● **Work item**
Return exactly those lines of the material that fall between the line with "Памятник из мрамора и черного гранита" and the final line, both included.
[Data below — start]
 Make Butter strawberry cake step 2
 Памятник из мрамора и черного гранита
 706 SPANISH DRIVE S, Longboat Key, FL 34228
[Data below — finish]
● **Output for this task**
 Памятник из мрамора и черного гранита
 706 SPANISH DRIVE S, Longboat Key, FL 34228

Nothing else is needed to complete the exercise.